Nostalgie : Le fils de pute
Dans l’île tropicale de mon enfance, il n’y avait de la prostitution que sur le port. Une prostitution sordide et occasionnelle destinée aux marins en transit. Ca a bien changé depuis. Aujourd’hui des organisations mafieuses venues de Haïti ou de la République dominicaine alignent dans les rues sombres de la capitale des dizaines de prostituées parlant espagnol ou créole haïtien. Mais à l’époque (très lointaine) de mon enfance, il n’avait pas de prostitution visible dans le centre-ville. Au pire, des "putains" (insulte que les femmes, surtout, s’échangeaient entre elles). Mais pas de prostituée professionnelle.

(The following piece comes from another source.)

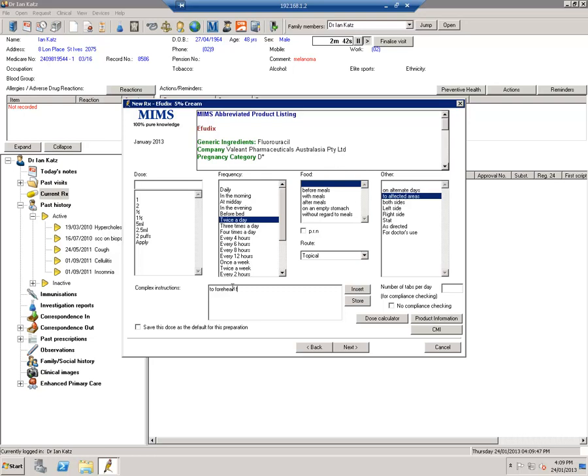But I actually make sure that I always tell all patients that they must come back and see me in two weeks for using Efudex. So I always need to see patients after two weeks and then I usually tell them whether they need to use it again for the last week, depending on the severity of the reaction. Obviously if there's a very severe reaction, I'll tell them not to use it for the last week.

Mais un regard m'a rappelé qu'il y a en avait une. Une seule. Ca m’est revenu récemment en croisant le regard d’un petit garçon avec sa mère. Il y avait une prostituée dans la ville. Une seule. Tout le monde "savait" qu’elle l’était. Et de fait, elle en avait l'apparence : une mulâtresse au parler vulgaire, la quarantaine fatiguée, les yeux cernés, mal maquillée. Tout le monde "savait" qu’elle se prostituait, mais personne ne la couvrait d'opprobre. Car disait-on, elle faisait cela pour élever dignement son enfant, un jeune garçon de mon âge. Et de fait, son fils, qu’elle tenait toujours par la main quand elle allait en ville faire son marché quotidien, était toujours propre, bien coiffé et bien vêtu : pas de vêtement sale ni rapiécé, ni trop grand ni trop petit.
Quand, pendant les vacances scolaires, debout dans l’entrée de la boutique de mes parents, je les voyais passer, mon regard croisait le sien et je ressentais une sorte de sympathie réciproque entre nous. On se ressemblait : look de garçon sage, blanc de peau (ce qui, dans une société post-coloniale, signifiait à priori, niveau social au dessus de la moyenne) cheveux noirs bien coiffés avec une raie sur le côté, short court, chaussettes avec les chaussures.
Je ne lui ai jamais parlé, mais je ne l'ai pas oublié et j’ai souvent pensé à lui au cours de ma vie.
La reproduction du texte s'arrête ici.